Harmony – Function – Is this website easy to use? Do it have a poor loading time, for example, because I have it set to play music and that slows down the rest of the content? Can people visit the front page and find within a couple of clicks most of the major content of my website? Are there ways I can make things easier for myself and for them that are cost-effective – for example, do I have enough users that’s it worth investing in creating an electronic booking form, or a payment system? If I have a calendar, how can I arrange that to make it easy for people to find events in a specific location, or with a certain person?  Are there extra steps in any process available on my website that are barriers I can eliminate? What information can I offer that will help people to make decisions?

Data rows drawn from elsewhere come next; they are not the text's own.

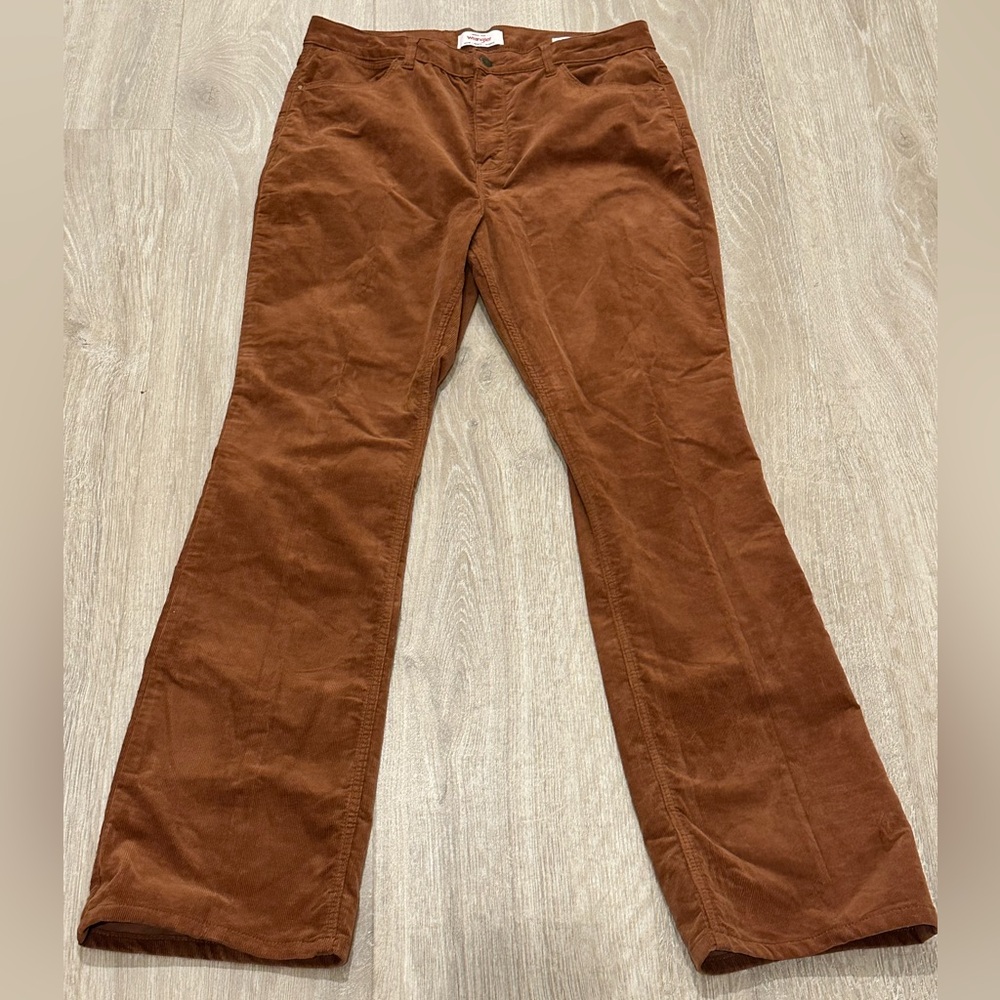 Wrangler Brown Corduroy Trousers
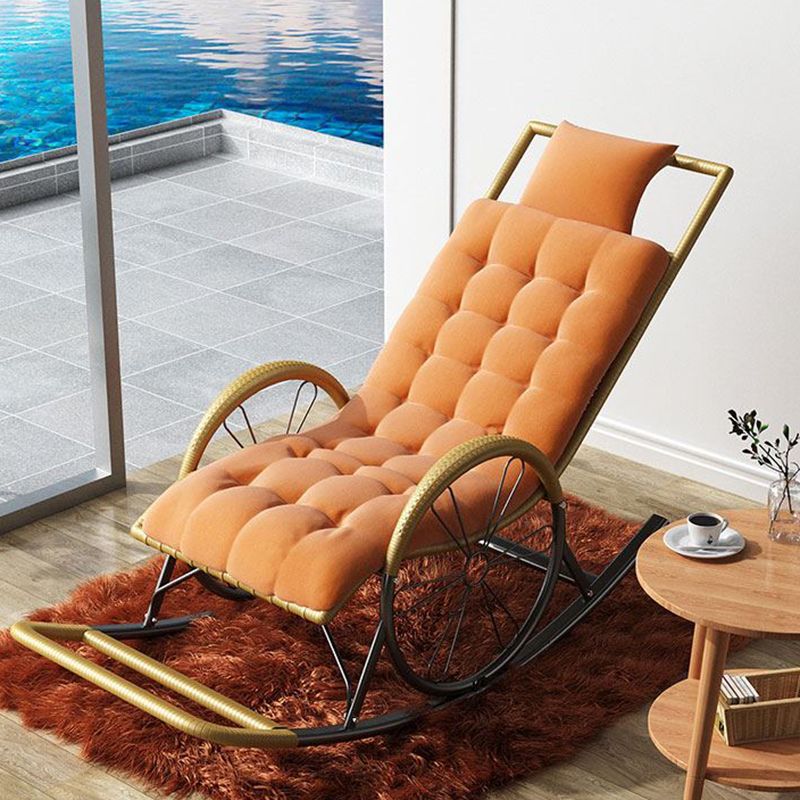 Modern Wicker Rocking Chair Brown Water Resistant Rocker for Living Room Clearhalo 'Chairs & Seating' 'furn' 'furn_rocking_chairs' 'Furniture' 'Living Room Furniture' 'Rocking Chairs' 'rocking_chairs' 1200x1200_35b0ccd3-f1be-4dac-8e97-083b3bdc080e
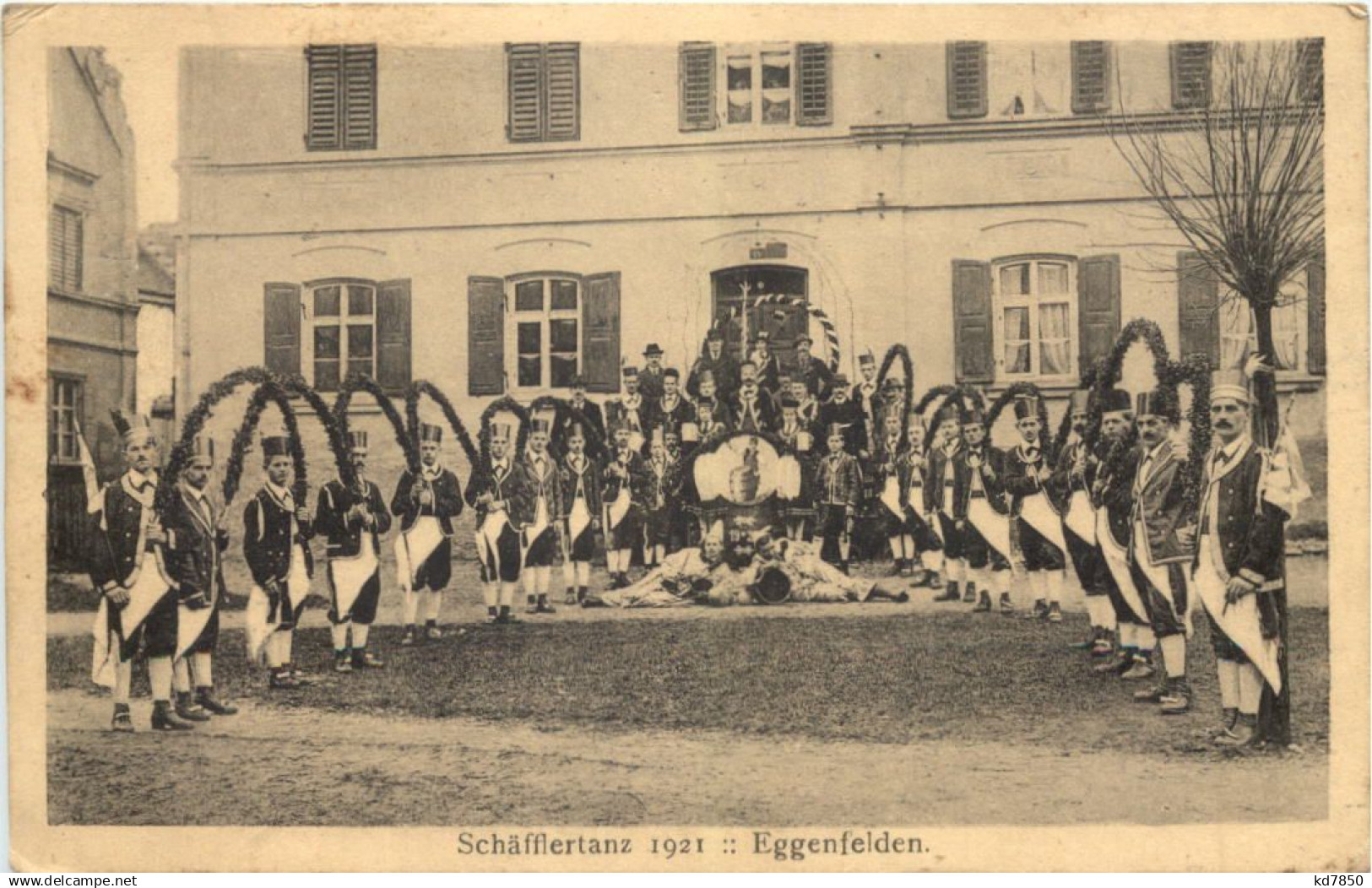 Eggenfelden - Schäfflertanz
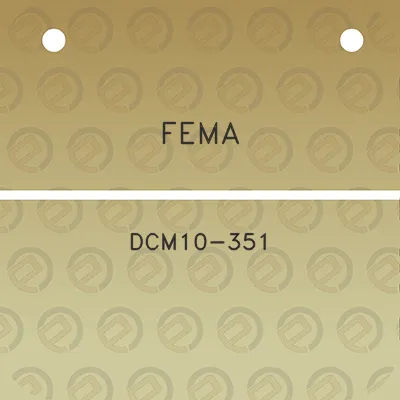 fema-dcm10-351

Beauty – Form – What does my website look like? What impression does it give of me/my group/my service? How am I using colour, wording, images and content layout to provide a consistent transmission across my website and associated materials so people can instantly understand what they are looking at? Does it look nice? Are there bits that are misaligned, or look out of place, that I need to fix or ask someone else to? Do I have large chunks of text that I need to break up with paragraphs, images, subheadings to make it easier to read?

“Beyond rightdoing and wrongdoing, there is a field: I will meet you there.” – Rumi

There is no ultimate right or wrong way to make a website, what one person needs is something that another finds aesthetically unpleasing, or a drain on their time. Like altars, websites are personal expressions of what resonates within ourselves that also have to be shaped to the needs of the purpose for which we are building that altar in the first place. The difference between a simple, crafted altar, and an altar which has been thrown together without love and care, is something we can all feel. Even the most basic website, planted and tended regularly, can be a sacred blessing.

“As she has planted, so does she harvest: such is the field of karma” – Guru Granth Sahib

The only unchanging truth is that everything changes. People now inhabit a cyberspace that is just as real as the illusory reality we live in. We must meet them there, and sanctify that space, shape it b’tselem Elohim, in the image of the One, and share the message. Allahu Akbar.